18 yıllık AKP iktidarında eğitimde demokratik ideallerden, bilimsel ve çağdaş pedagojik ilkelerden giderek uzaklaşılmış, “kindar ve dindar” nesil yetiştirme yaklaşımıyla geçmişin olumlu birikimi de yok edilmiştir.

Devletin anayasal olarak eğitim hakkını sağlama yükümlülüğü yerine getirilmemiş, parasız ve nitelikli eğitim hedefinden vazgeçilmiş, devlet okullarını güçsüzleştirici politikalar ısrarla sürdürülmüştür.

Aynı zamanda bütçeden eğitime ayrılan pay yıllar itibarıyla sürekli azalmış, ailelerin eğitim harcamaları ise artmıştır.

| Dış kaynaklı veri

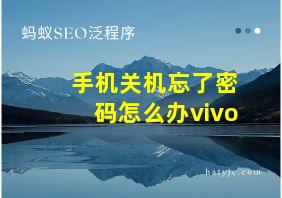 手机关机忘了密码怎么办vivo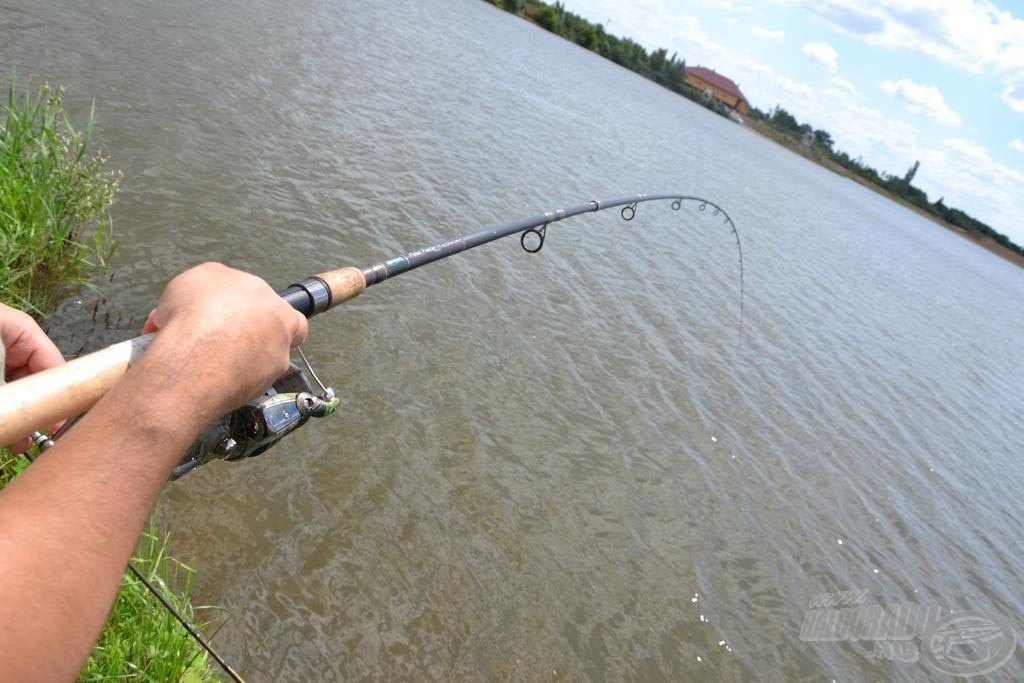 A kisebb pontyokat is percekig kellett fárasztani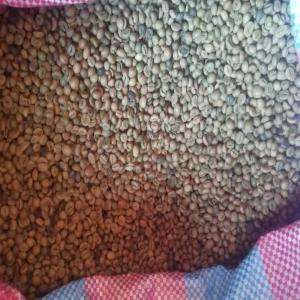  Café Robusta Togo - café cacao thé bonjour nous disposons de graines de café robusta cultivé de façon biologique et traditionnel nous recherchons des clients sérieux pour un contrat à long terme 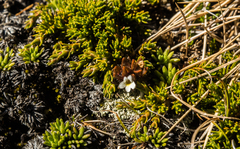 Euphrasia zelandica (Euphrasia zelandica)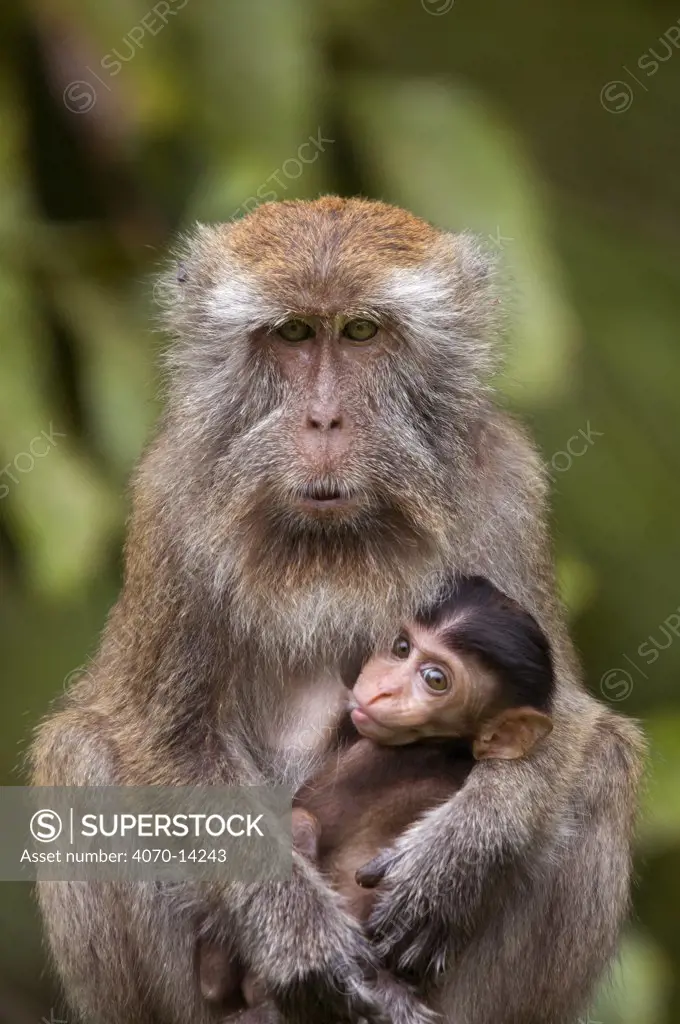 Long-tailed / Crab-eating macaque (Macaca fascicularis) mother with suckling young, Bako National Park, Sarawak, Borneo, Malaysia
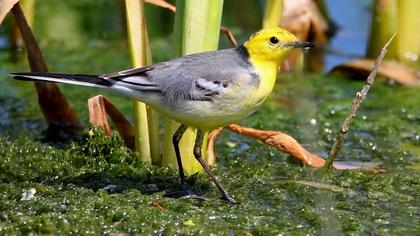 Sarıbaşlı kuyruksallayan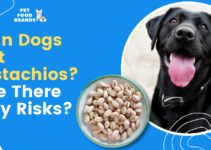 Can Dogs Eat Pistachios? Are There Any Risks?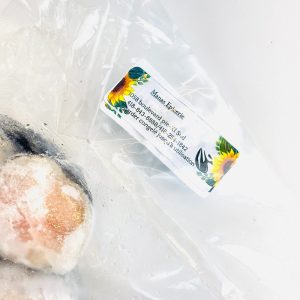Poisson Morrue découpé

AKP bu yolla açık ve örtük biçimde eğitimi ticarileştirmiştir. Devlet okullarında ise kamusallık ilkesi egemen olmaktan çıkartılmıştır.

Eğitim programlarına yönelik ideolojik müdahale çağdaş ve bilimsel eğitimi ortadan kaldıracak düzeye gelmiştir. Nitekim uluslararası standart sınavlarına da yansıdığı biçimiyle öğrenci başarısı düşmüş, eğitimdeki nitelik kaybı açıkça ortaya çıkmıştır.

Türkiye’de nitelikli ve çağdaş eğitim giderek küçük bir kesimin ayrıcalığı haline gelmektedir.

Eğitimi konuşmak; ülkenin geleceğini, çocuklarımızın ve gençlerimizin umutlarını, toplumumuzun bekasını ve refahını konuşmaktır. Bugünkü sorunlarımızı ve gelecekte nasıl bir toplum olacağımızı konuşmaktır.

Ülkemizin her sorununda olduğu gibi eğitimde de sorunlarımızı saptamak ve bu sorunlara çözüm önermek; muhalefette iken eğitimimizin daha ileriye taşınmasında üzerimize düşeni yapmak; iktidarımızda ise bu sorunları köklü biçimde çözerek, ülkemizin eğitim sistemini, Türkiye’yi ileri uygarlık düzeyine çıkartacak ve onu aşacak ana taşıyıcı kurum haline getirmek, Cumhuriyet Halk Partisi’nin görevidir.

Bu amaçla 18 Ocak 2020 tarihinde “CHP Eğitim Çalıştayı”nı gerçekleştirdik. Çalıştayımıza eğitimin tüm bileşenlerinin katılmasını hedefledik ve bunun için büyük bir çaba harcadık. Çalıştaya başta üniversite öğretim üyeleri olmak üzere, eğitim uzmanları, eğitim sendikaları, eğitim dernekleri, eğitim yöneticileri, öğretmenler, öğrenciler, öğrenci velileri ve Okul Aile Birliği temsilcileri gibi eğitimin tüm bileşenleri katıldı.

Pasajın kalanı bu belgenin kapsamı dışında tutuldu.